Questo formaggio, che si produce indifferentemente con latte vaccino o ovicaprino, si presenta di forma variabile, vagamente rotonda. La crosta è assente mentre la pasta, morbida e tenerissima, di colore bianco latte, ha un sapore gradevolmente dolce e delicato. La lavorazione è rapidissima. Il latte appena munto si lascia appena raffreddare di qualche grado, dopodiché si fa cagliare.

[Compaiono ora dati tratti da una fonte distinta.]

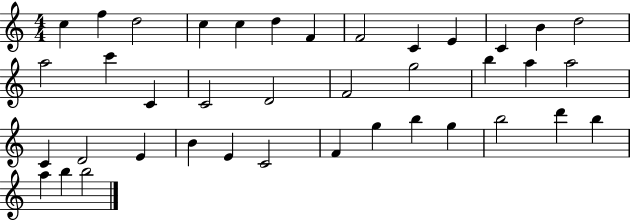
X:1
T:Untitled
M:4/4
L:1/4
K:C
c f d2 c c d F F2 C E C B d2 a2 c' C C2 D2 F2 g2 b a a2 C D2 E B E C2 F g b g b2 d' b a b b2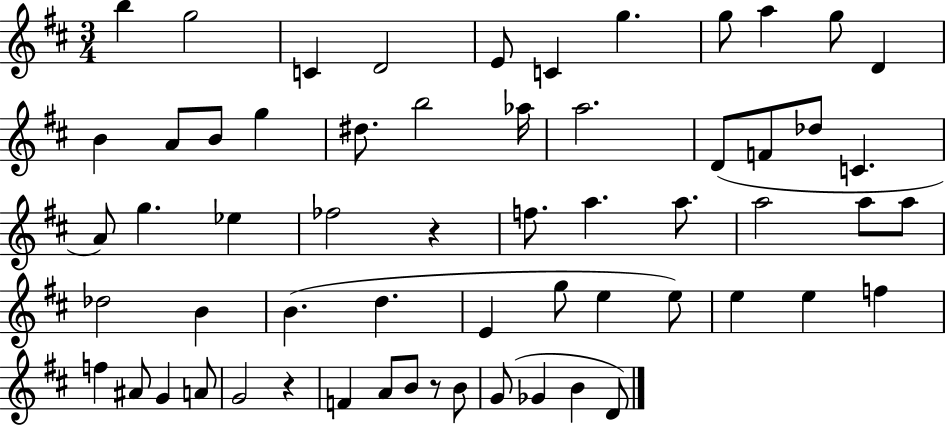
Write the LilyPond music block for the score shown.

{
  \clef treble
  \numericTimeSignature
  \time 3/4
  \key d \major
  b''4 g''2 | c'4 d'2 | e'8 c'4 g''4. | g''8 a''4 g''8 d'4 | \break b'4 a'8 b'8 g''4 | dis''8. b''2 aes''16 | a''2. | d'8( f'8 des''8 c'4. | \break a'8) g''4. ees''4 | fes''2 r4 | f''8. a''4. a''8. | a''2 a''8 a''8 | \break des''2 b'4 | b'4.( d''4. | e'4 g''8 e''4 e''8) | e''4 e''4 f''4 | \break f''4 ais'8 g'4 a'8 | g'2 r4 | f'4 a'8 b'8 r8 b'8 | g'8( ges'4 b'4 d'8) | \break \bar "|."
}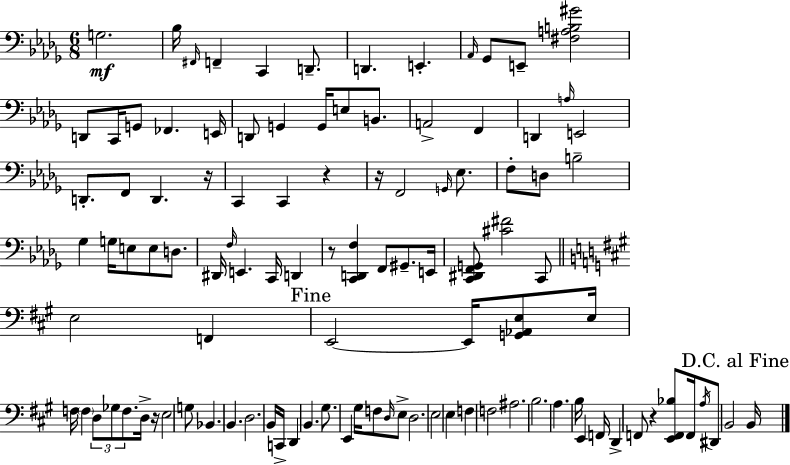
X:1
T:Untitled
M:6/8
L:1/4
K:Bbm
G,2 _B,/4 ^F,,/4 F,, C,, D,,/2 D,, E,, _A,,/4 _G,,/2 E,,/2 [^F,A,B,^G]2 D,,/2 C,,/4 G,,/2 _F,, E,,/4 D,,/2 G,, G,,/4 E,/2 B,,/2 A,,2 F,, D,, A,/4 E,,2 D,,/2 F,,/2 D,, z/4 C,, C,, z z/4 F,,2 G,,/4 _E,/2 F,/2 D,/2 B,2 _G, G,/4 E,/2 E,/2 D,/2 ^D,,/4 F,/4 E,, C,,/4 D,, z/2 [C,,D,,F,] F,,/2 ^G,,/2 E,,/4 [C,,^D,,F,,G,,]/2 [^C^F]2 C,,/2 E,2 F,, E,,2 E,,/4 [G,,_A,,E,]/2 E,/4 F,/4 F, D,/2 _G,/2 F,/2 D,/4 z/4 E,2 G,/2 _B,, B,, D,2 B,,/4 C,,/4 D,, B,, ^G,/2 E,, ^G,/4 F,/2 D,/4 E,/2 D,2 E,2 E, F, F,2 ^A,2 B,2 A, B,/4 E,, F,,/4 D,, F,,/2 z [E,,F,,_B,]/2 F,,/4 A,/4 ^D,,/2 B,,2 B,,/4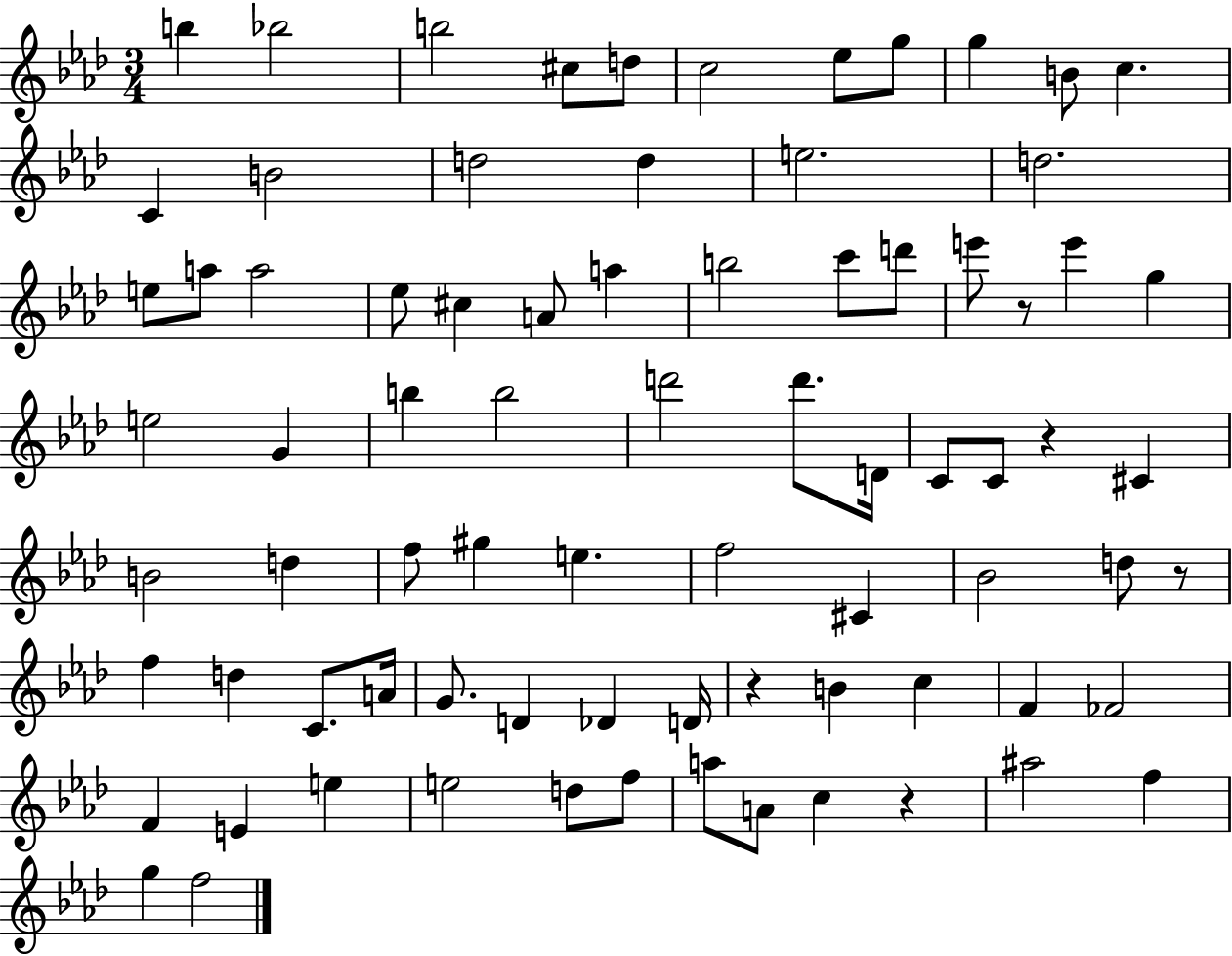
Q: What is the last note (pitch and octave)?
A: F5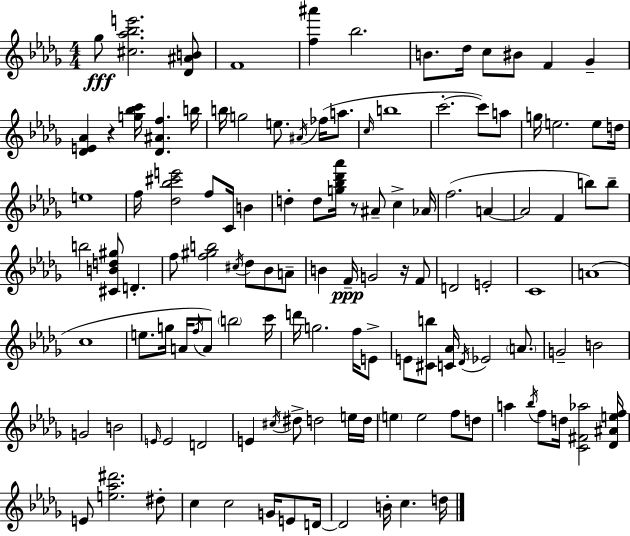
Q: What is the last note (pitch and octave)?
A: D5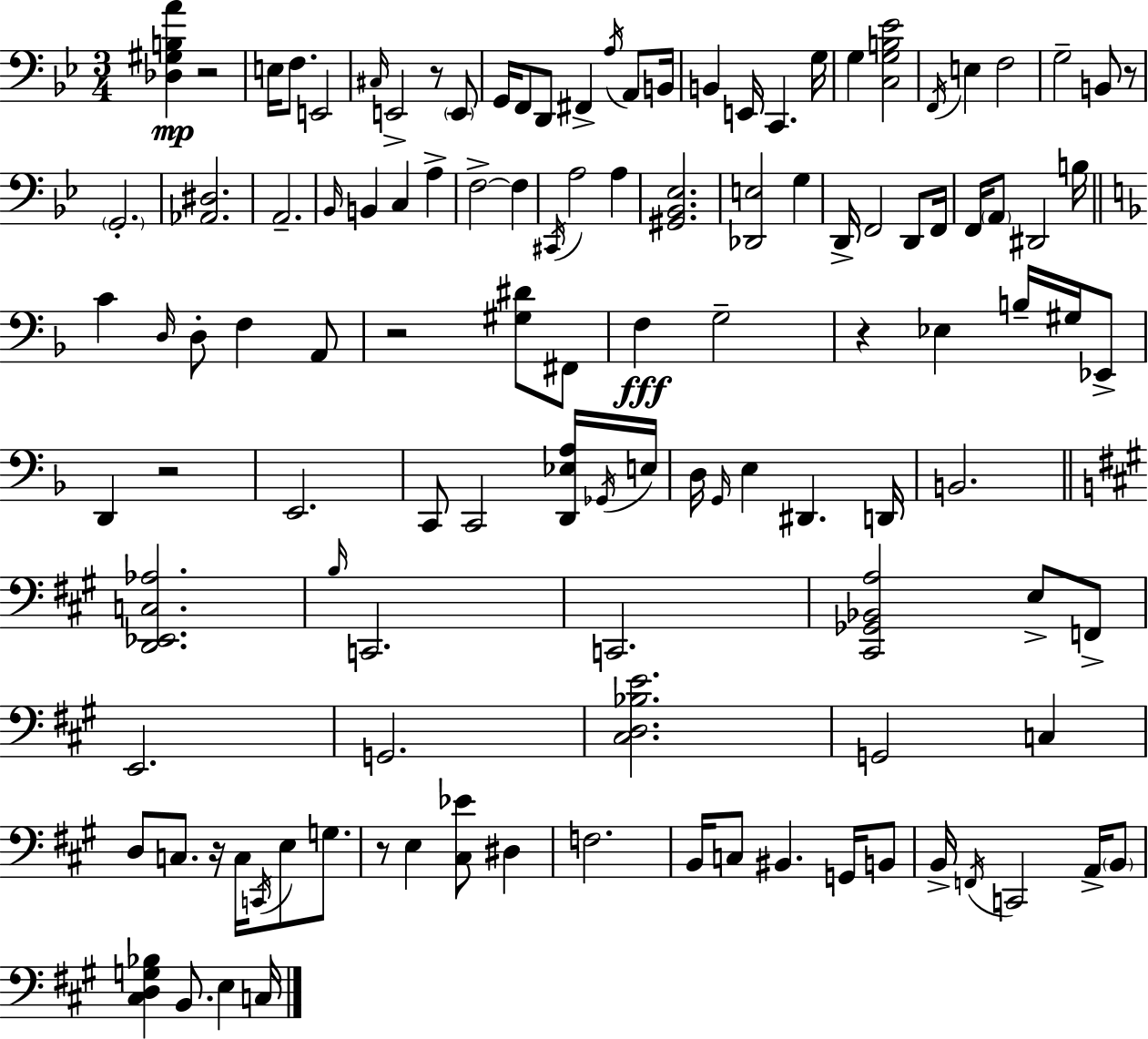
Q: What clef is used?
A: bass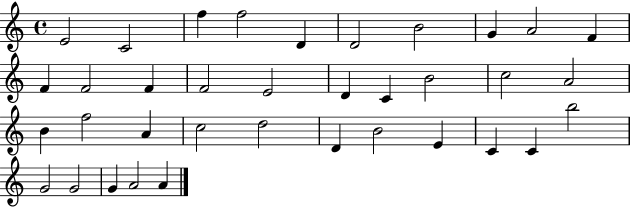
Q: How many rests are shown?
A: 0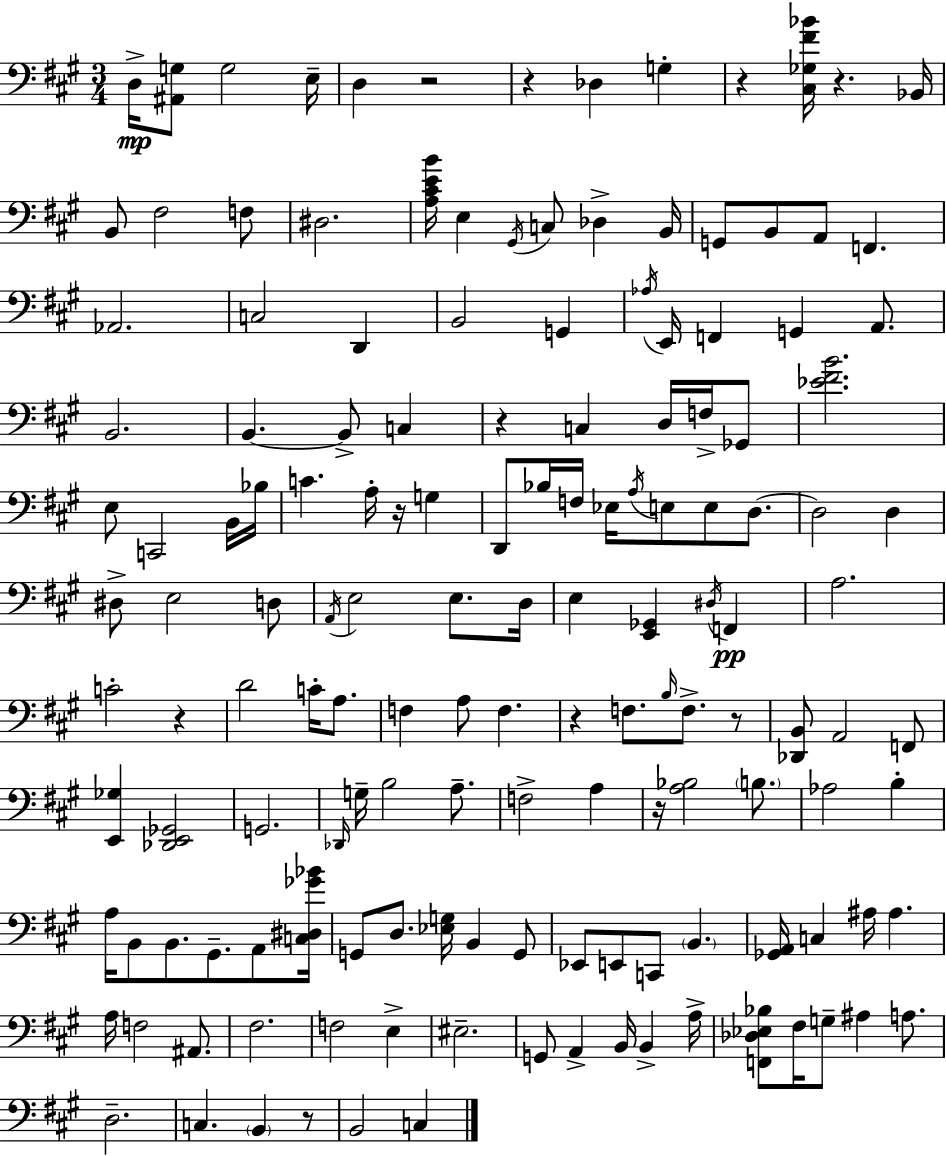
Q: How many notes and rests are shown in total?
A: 149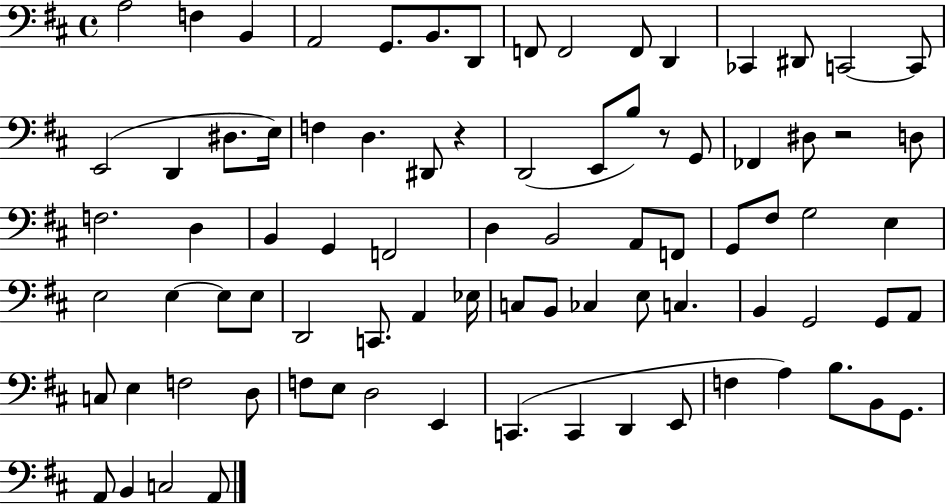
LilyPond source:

{
  \clef bass
  \time 4/4
  \defaultTimeSignature
  \key d \major
  a2 f4 b,4 | a,2 g,8. b,8. d,8 | f,8 f,2 f,8 d,4 | ces,4 dis,8 c,2~~ c,8 | \break e,2( d,4 dis8. e16) | f4 d4. dis,8 r4 | d,2( e,8 b8) r8 g,8 | fes,4 dis8 r2 d8 | \break f2. d4 | b,4 g,4 f,2 | d4 b,2 a,8 f,8 | g,8 fis8 g2 e4 | \break e2 e4~~ e8 e8 | d,2 c,8. a,4 ees16 | c8 b,8 ces4 e8 c4. | b,4 g,2 g,8 a,8 | \break c8 e4 f2 d8 | f8 e8 d2 e,4 | c,4.( c,4 d,4 e,8 | f4 a4) b8. b,8 g,8. | \break a,8 b,4 c2 a,8 | \bar "|."
}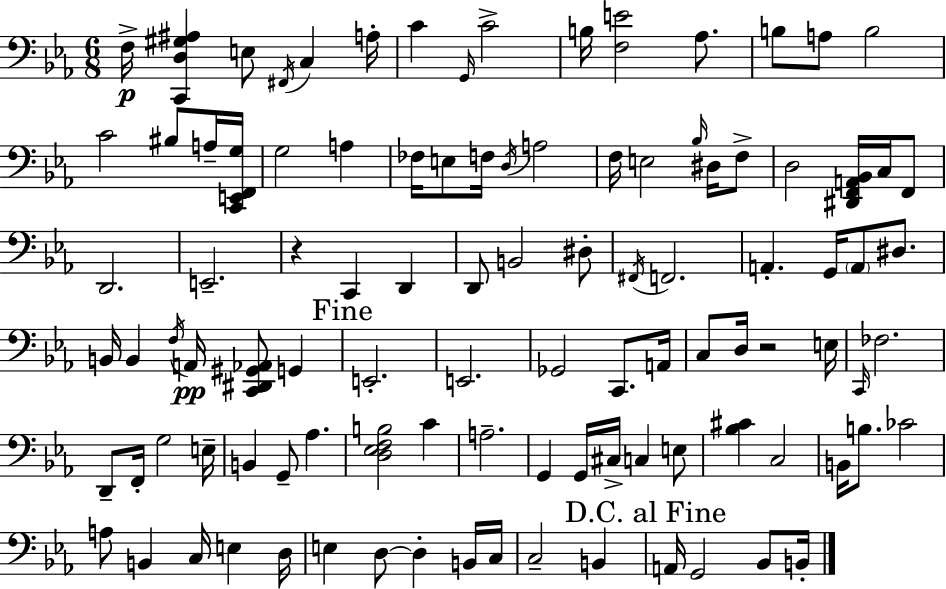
X:1
T:Untitled
M:6/8
L:1/4
K:Cm
F,/4 [C,,D,^G,^A,] E,/2 ^F,,/4 C, A,/4 C G,,/4 C2 B,/4 [F,E]2 _A,/2 B,/2 A,/2 B,2 C2 ^B,/2 A,/4 [C,,E,,F,,G,]/4 G,2 A, _F,/4 E,/2 F,/4 D,/4 A,2 F,/4 E,2 _B,/4 ^D,/4 F,/2 D,2 [^D,,F,,A,,_B,,]/4 C,/4 F,,/2 D,,2 E,,2 z C,, D,, D,,/2 B,,2 ^D,/2 ^F,,/4 F,,2 A,, G,,/4 A,,/2 ^D,/2 B,,/4 B,, F,/4 A,,/4 [C,,^D,,^G,,_A,,]/2 G,, E,,2 E,,2 _G,,2 C,,/2 A,,/4 C,/2 D,/4 z2 E,/4 C,,/4 _F,2 D,,/2 F,,/4 G,2 E,/4 B,, G,,/2 _A, [D,_E,F,B,]2 C A,2 G,, G,,/4 ^C,/4 C, E,/2 [_B,^C] C,2 B,,/4 B,/2 _C2 A,/2 B,, C,/4 E, D,/4 E, D,/2 D, B,,/4 C,/4 C,2 B,, A,,/4 G,,2 _B,,/2 B,,/4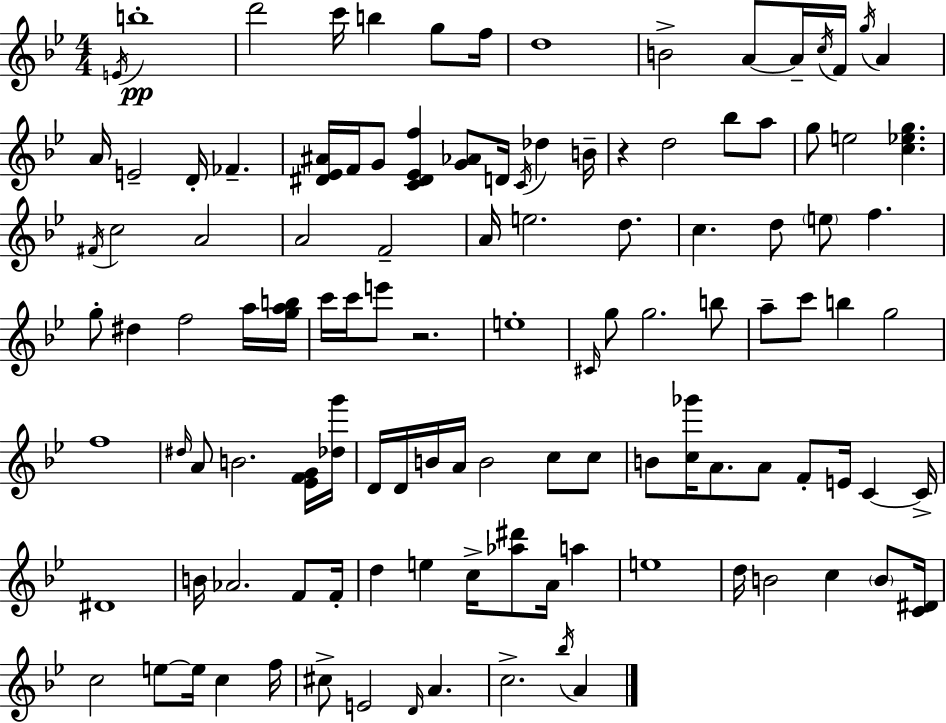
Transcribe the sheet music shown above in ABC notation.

X:1
T:Untitled
M:4/4
L:1/4
K:Gm
E/4 b4 d'2 c'/4 b g/2 f/4 d4 B2 A/2 A/4 c/4 F/4 g/4 A A/4 E2 D/4 _F [^D_E^A]/4 F/4 G/2 [C^D_Ef] [G_A]/2 D/4 C/4 _d B/4 z d2 _b/2 a/2 g/2 e2 [c_eg] ^F/4 c2 A2 A2 F2 A/4 e2 d/2 c d/2 e/2 f g/2 ^d f2 a/4 [gab]/4 c'/4 c'/4 e'/2 z2 e4 ^C/4 g/2 g2 b/2 a/2 c'/2 b g2 f4 ^d/4 A/2 B2 [_EFG]/4 [_dg']/4 D/4 D/4 B/4 A/4 B2 c/2 c/2 B/2 [c_g']/4 A/2 A/2 F/2 E/4 C C/4 ^D4 B/4 _A2 F/2 F/4 d e c/4 [_a^d']/2 A/4 a e4 d/4 B2 c B/2 [C^D]/4 c2 e/2 e/4 c f/4 ^c/2 E2 D/4 A c2 _b/4 A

Caratteristica del raviggiolo è che la cagliata non si rompe ma si preleva, in piccole quantità, con un mestolo e si fa scolare su apposite stuoie o, più semplicemente, su foglie di felce, di fico o di cavolo. Non si effettua nessuna stagionatura e anche la salatura può esser omessa a seconda del grado di dolcezza che si preferisce. Riccardo Di Corate afferma che questo formaggio, nei secoli scorsi, era considerato una prelibatezza, specialmente quello fatto con il latte di capra. Esso non mancava mai nelle tavole imbandite e nei banchetti. La testimonianza della sua notorietà ci è data anche dal proverbio "Chi non è Marzolino sarà Raviggiolo" che indica la fatalità del destino. Il casecc, infine, tipico di San Leo e delle zone circostanti. Prodotto anch'esso nel periodo autunnale e invernale, si ottiene dalla lavorazione del latte vaccino o ovino o anche misto. Per preparare il casecc, la cagliata viene ridotta in grumi della dimensione di un chicco di riso.

 

 

Posta la massa nelle fascere, si effettua la salatura a secco, che può durare fino a due giorni, per passare, poi, alla fase di maturazione che dura per altri dieci giorni circa. Ma ciò che rende unico questo formaggio è ciò che avviene dopo. Le forme vengono infatti prima messe per otto giorni sopra delle foglie di noce, poi conservate in caratteri-stici orci di terracotta che nella zona vengono chiamati "avthèin". Solo al termine della stagionatura, che può durare anche un anno, il formaggio potrà finalmente chiamarsi casecc. È un formaggio che può avere diversi formati in quanto le forme hanno un'altezza variabile tra 4 e 8 centimetri, diametro di 14-22 e un peso che va da 7 etti fino a 2 chili. La crosta esterna è giallo paglierina, liscia e traslucida, mentre la pasta è compatta e priva di occhiature. Il sapore, deciso e pastoso con gradevoli note aromatiche, lo rende particolarmente apprezzato nella preparazione dell'impasto dei cappelletti natalizi. Altrimenti, si usa grattugiato per insaporire primi piatti a base di pasta fatta in casa.